* TO DO
Write out only the tail of the records, beginning at the line containing "Used Wuling Hongguang" and including the last line, exactly as written.

━━━ WORKING DATA ━━━

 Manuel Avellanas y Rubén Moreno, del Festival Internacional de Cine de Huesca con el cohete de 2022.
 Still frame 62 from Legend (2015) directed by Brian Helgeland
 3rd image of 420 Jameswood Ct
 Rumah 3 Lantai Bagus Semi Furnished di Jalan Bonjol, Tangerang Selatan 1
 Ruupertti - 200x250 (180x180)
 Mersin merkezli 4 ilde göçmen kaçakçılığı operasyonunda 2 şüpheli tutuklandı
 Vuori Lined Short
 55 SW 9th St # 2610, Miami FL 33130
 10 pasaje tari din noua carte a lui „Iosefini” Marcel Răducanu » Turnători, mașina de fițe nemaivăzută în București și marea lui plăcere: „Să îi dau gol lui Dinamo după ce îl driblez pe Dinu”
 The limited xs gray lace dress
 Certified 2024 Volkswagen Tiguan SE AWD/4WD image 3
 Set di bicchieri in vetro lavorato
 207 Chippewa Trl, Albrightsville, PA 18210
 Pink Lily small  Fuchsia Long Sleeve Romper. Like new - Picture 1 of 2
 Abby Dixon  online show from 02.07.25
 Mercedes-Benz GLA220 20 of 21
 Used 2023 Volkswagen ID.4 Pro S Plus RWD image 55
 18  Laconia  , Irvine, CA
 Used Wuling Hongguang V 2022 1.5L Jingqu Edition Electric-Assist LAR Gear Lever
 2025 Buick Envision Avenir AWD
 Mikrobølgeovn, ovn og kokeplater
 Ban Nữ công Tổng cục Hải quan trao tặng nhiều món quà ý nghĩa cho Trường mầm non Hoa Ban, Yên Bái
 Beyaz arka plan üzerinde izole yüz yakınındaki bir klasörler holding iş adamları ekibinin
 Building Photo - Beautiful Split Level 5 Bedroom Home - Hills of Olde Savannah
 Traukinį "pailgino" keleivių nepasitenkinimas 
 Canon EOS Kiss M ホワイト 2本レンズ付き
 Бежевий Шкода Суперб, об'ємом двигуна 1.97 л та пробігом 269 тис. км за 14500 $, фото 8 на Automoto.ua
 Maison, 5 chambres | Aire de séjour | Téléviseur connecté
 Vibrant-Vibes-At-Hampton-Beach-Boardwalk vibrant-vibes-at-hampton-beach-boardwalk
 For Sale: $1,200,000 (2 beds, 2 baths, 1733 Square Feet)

━━━

* EXERCISE SOLUTION
 Used Wuling Hongguang V 2022 1.5L Jingqu Edition Electric-Assist LAR Gear Lever
 2025 Buick Envision Avenir AWD
 Mikrobølgeovn, ovn og kokeplater
 Ban Nữ công Tổng cục Hải quan trao tặng nhiều món quà ý nghĩa cho Trường mầm non Hoa Ban, Yên Bái
 Beyaz arka plan üzerinde izole yüz yakınındaki bir klasörler holding iş adamları ekibinin
 Building Photo - Beautiful Split Level 5 Bedroom Home - Hills of Olde Savannah
 Traukinį "pailgino" keleivių nepasitenkinimas 
 Canon EOS Kiss M ホワイト 2本レンズ付き
 Бежевий Шкода Суперб, об'ємом двигуна 1.97 л та пробігом 269 тис. км за 14500 $, фото 8 на Automoto.ua
 Maison, 5 chambres | Aire de séjour | Téléviseur connecté
 Vibrant-Vibes-At-Hampton-Beach-Boardwalk vibrant-vibes-at-hampton-beach-boardwalk
 For Sale: $1,200,000 (2 beds, 2 baths, 1733 Square Feet)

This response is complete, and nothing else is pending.